Joani Etskovitz

My Princeton pathway through the Department of English Literature started in the HUM Sequence. I had always delighted in devouring books, and as a freshman in HUM 216-219 I began to close read and connected with my first English faculty mentor, Professor Nigel Smith. Since then, my close conversations with texts and professors alike have set the tone for my major. I selected my courses in part due to my interest in their subject matter but, more importantly, because I wanted to learn from specific professors’ styles of reading and communicating. I filled my spare time with office hours, especially in my junior and senior years, when Professors Susan Wolfson and Esther Schor helped me hone my curiosity about girls’ curiosity in nineteenth-century British literature: the subject of my thesis, Girls Growing Curiouser.

I fell down this literary rabbit hole the summer before my junior year.

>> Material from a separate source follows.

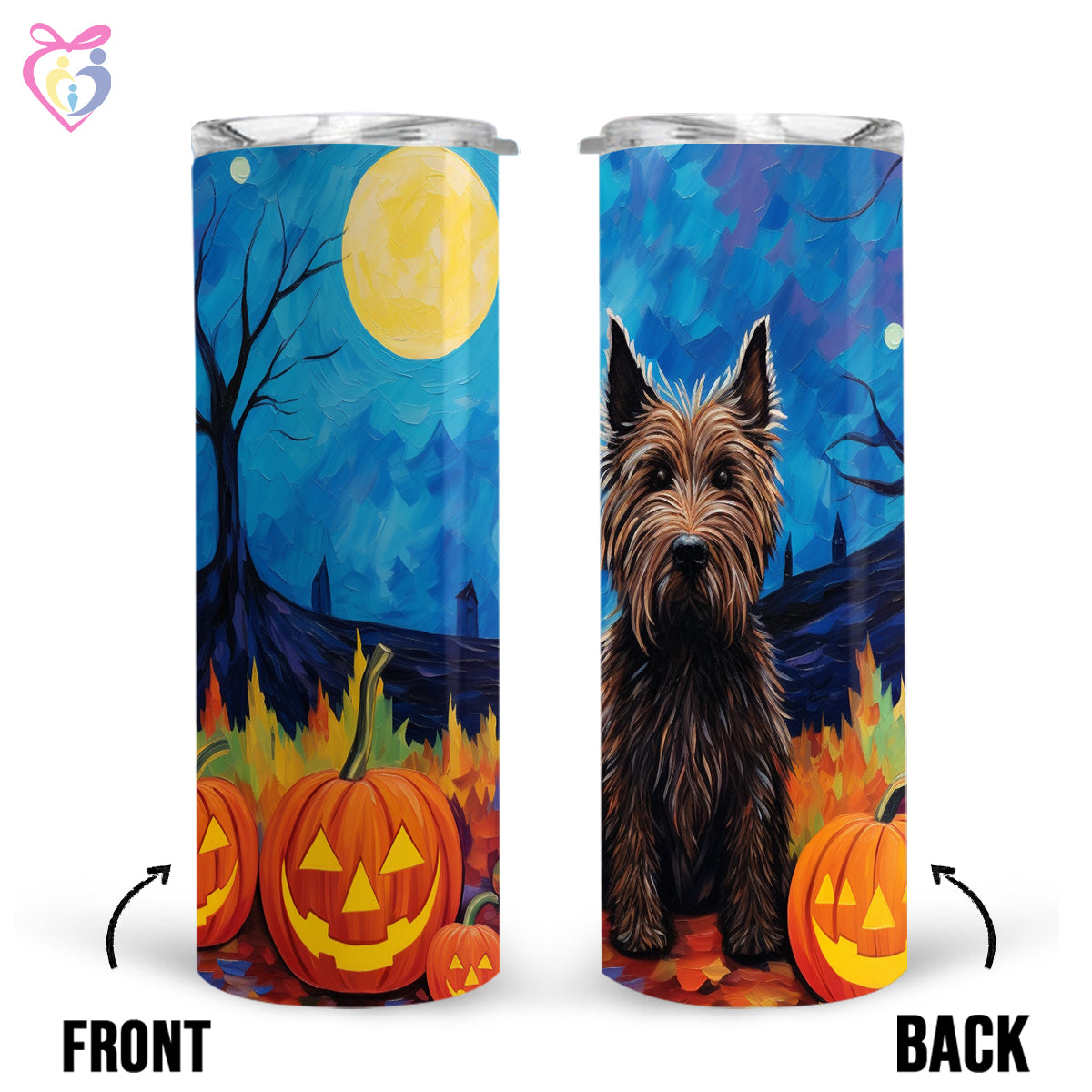 Scottish Terriers Halloween With Pumpkin 20oz Skinny Tumbler, Holiday Skinny Tumbler, For Dog Lovers, Vibrant Tumbler, Trending Tumbler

I was working at the Library of Congress to help plan their 150th anniversary celebration of Alice’s Adventures, the central text of my senior thesis. During my summers and my semesters, I found jobs, internships, and travel opportunities—working in the Cotsen Children’s Library, curating museum exhibitions, and undertaking archival research in Paris to name a few—through which to explore my potential academic and professional interests. A central stop on my Princeton pathway was Oxford’s Bodleian Library, where I worked with Professor Smith as an English Department Bread Loaf Fellow. The Bodleian Library remains my destination for this coming year. My adventures through Princeton’s Department of English have inspired me to create exhibitions and public engagement programs at the Bodleian while earning a Master of Studies in English Literature (1830-1914) at Oxford University as a Marshall Scholar.